The problem: Where a picture shows up in the listing below, omit it and output the rest exactly.

The data:
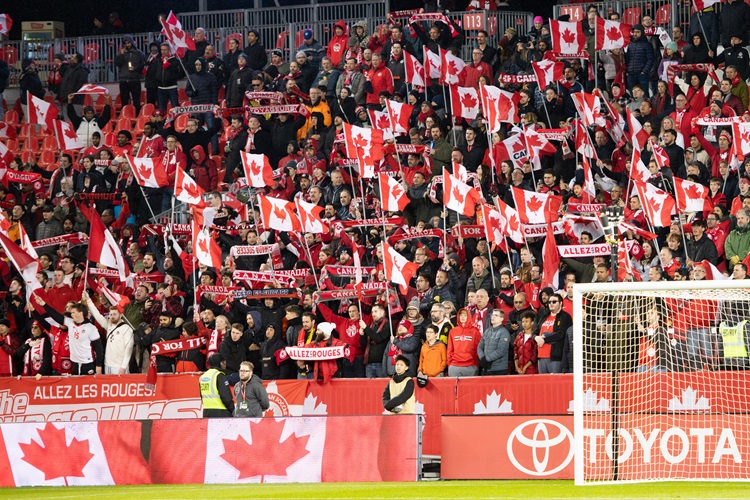 Fans cheering on the team at Toronto Stadium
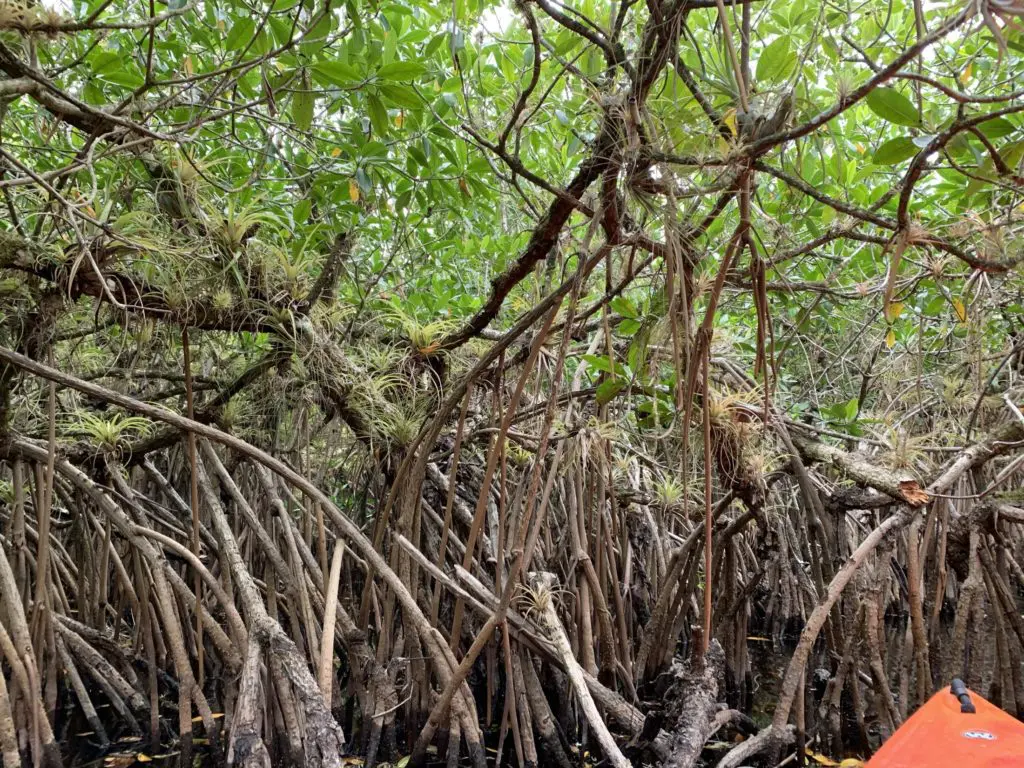 Exploring the Everglades by kayak. 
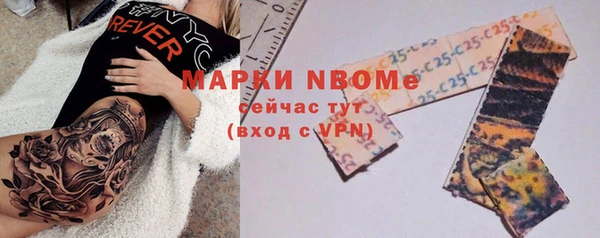 индика Армянск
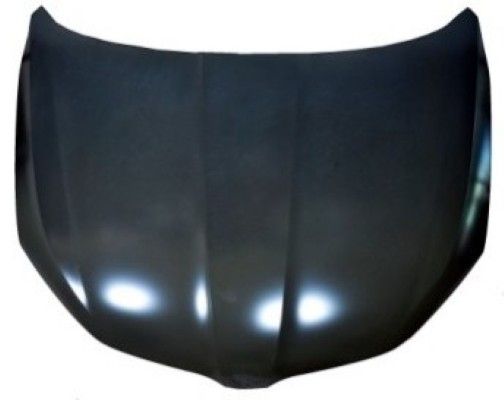 Capota motor MTR 12134093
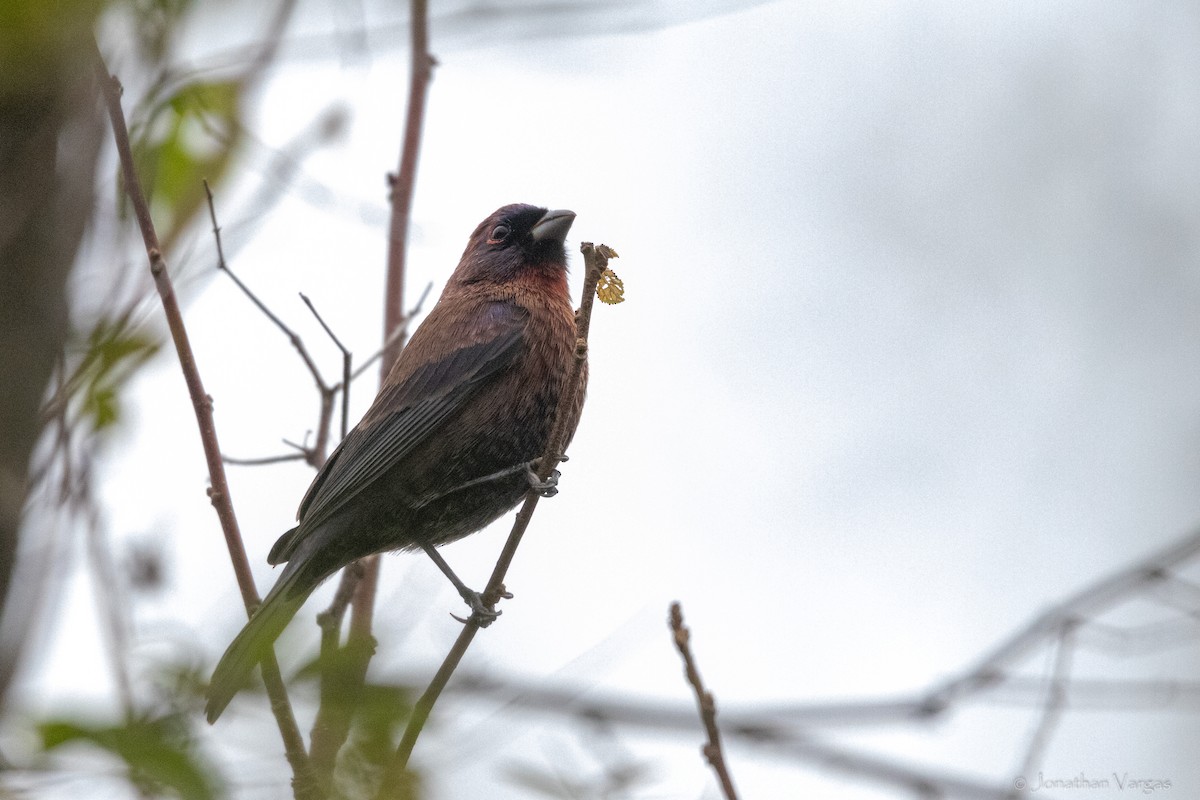 Varied Bunting - ML630646918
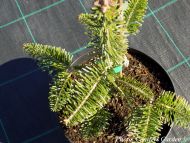 Abies alba 'Pendula'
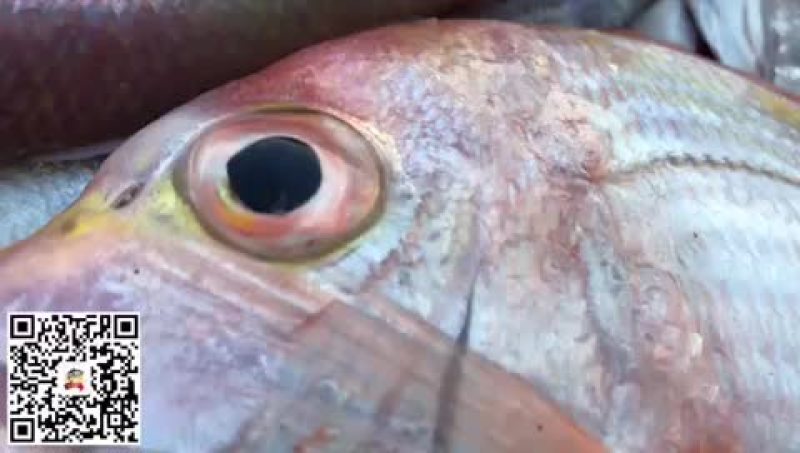 大量供应各种钓口深海鱼海鱼日料刺身食材
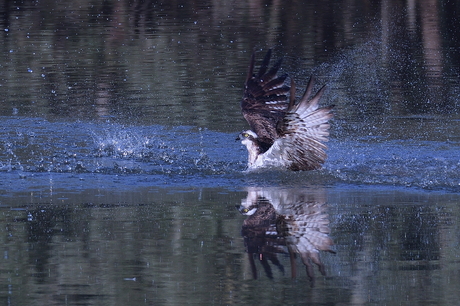 diving for fisch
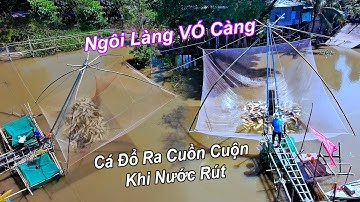 Cả Sông Dậy Sóng! Cá Đổ Ra Cuồn Cuộn Khi Nước Rút – Làng Kéo Vó Trúng Đậm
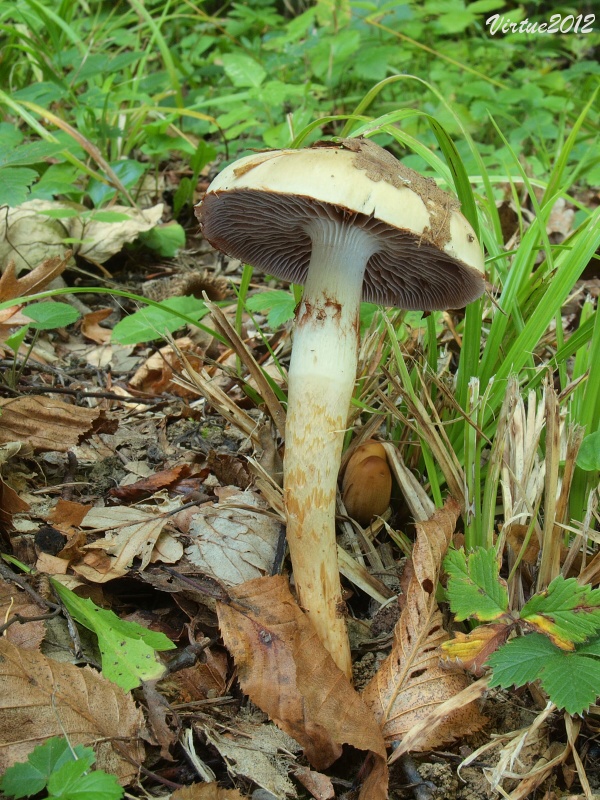 pavučinovec mazľavý Cortinarius trivialis J.E. Lange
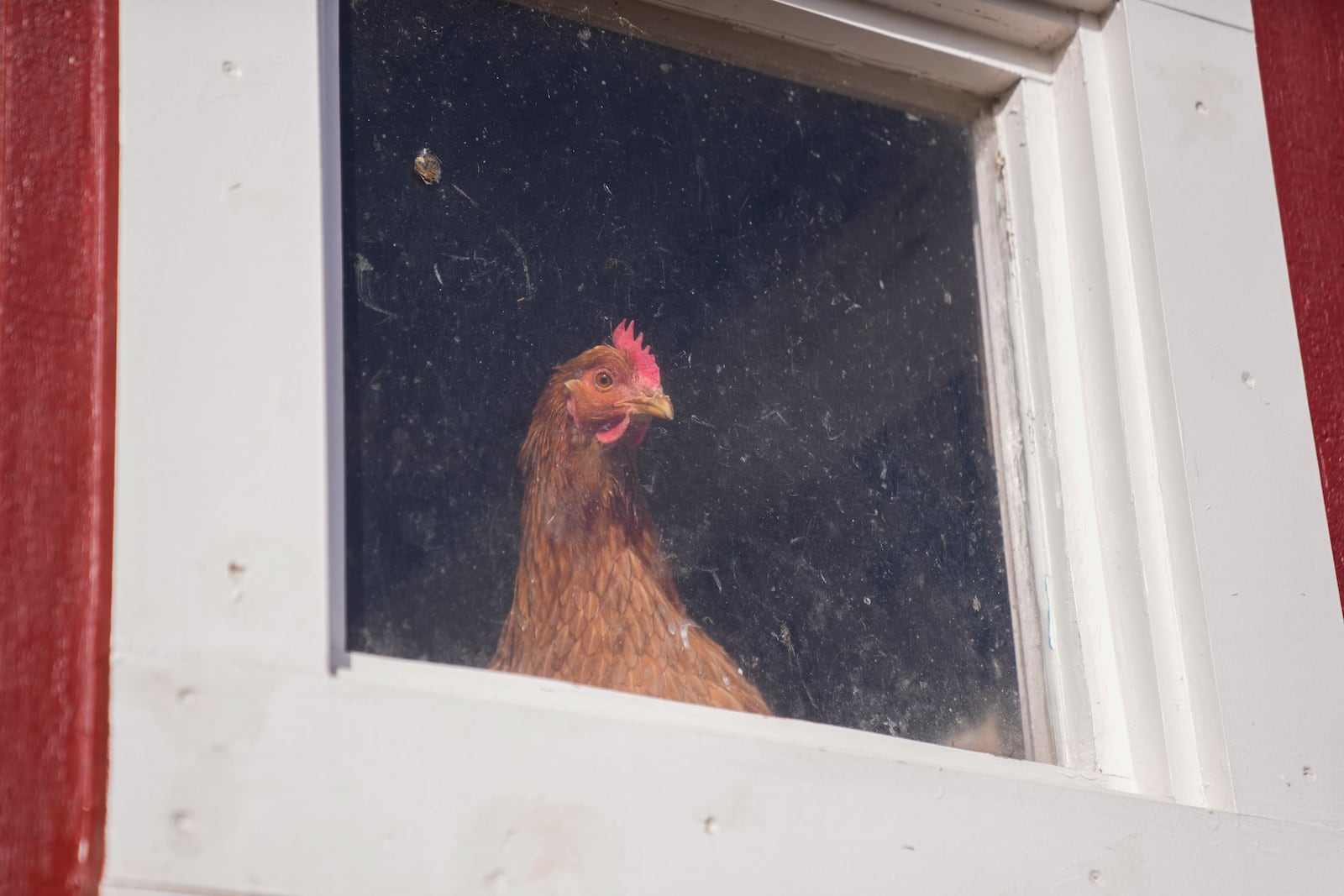 A Red Star hen, a hybrid breed that lays large brown eggs, peers out of her coop at Historic Wagner Farm, Friday, Feb. 7, 2025, in Glenview, Ill. (AP Photo/Erin Hooley)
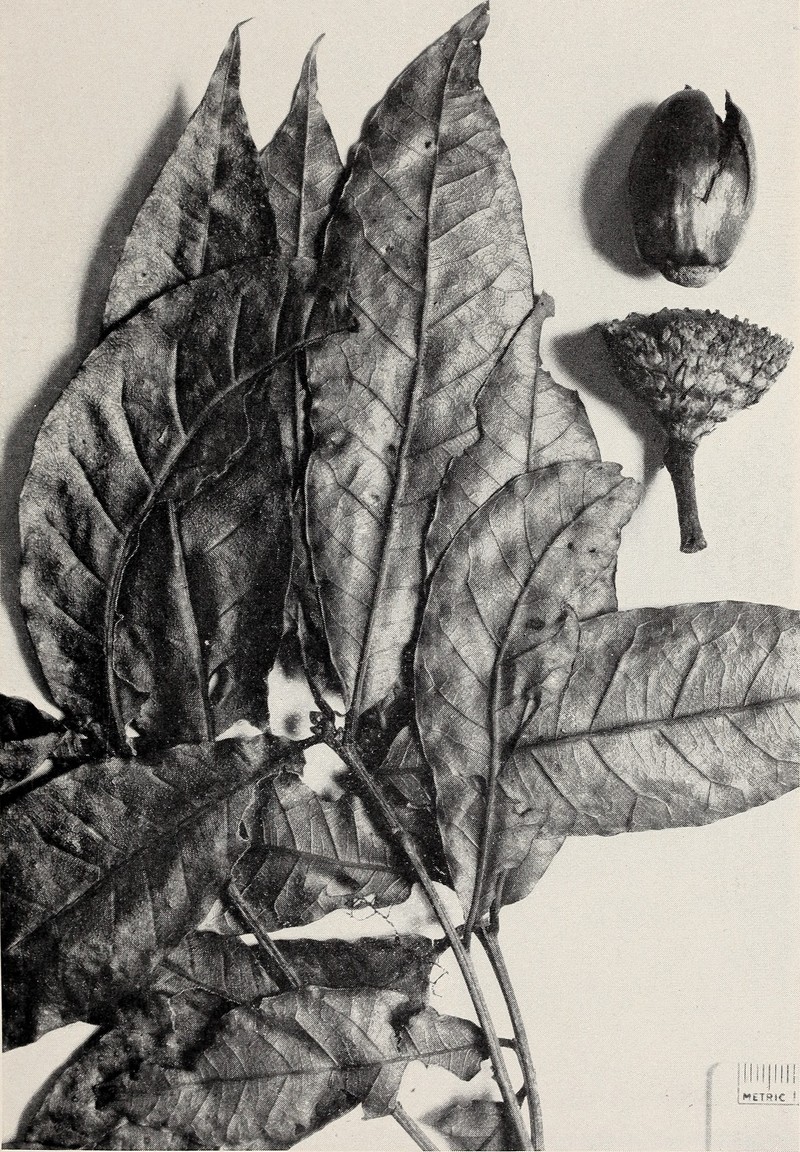 Quercus panamandinaea photo 3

Your response:
 Fans cheering on the team at Toronto Stadium
 Exploring the Everglades by kayak. 
 индика Армянск
 Capota motor MTR 12134093
 Varied Bunting - ML630646918
 Abies alba 'Pendula'
 大量供应各种钓口深海鱼海鱼日料刺身食材
 diving for fisch
 Cả Sông Dậy Sóng! Cá Đổ Ra Cuồn Cuộn Khi Nước Rút – Làng Kéo Vó Trúng Đậm
 pavučinovec mazľavý Cortinarius trivialis J.E. Lange
 A Red Star hen, a hybrid breed that lays large brown eggs, peers out of her coop at Historic Wagner Farm, Friday, Feb. 7, 2025, in Glenview, Ill. (AP Photo/Erin Hooley)
 Quercus panamandinaea photo 3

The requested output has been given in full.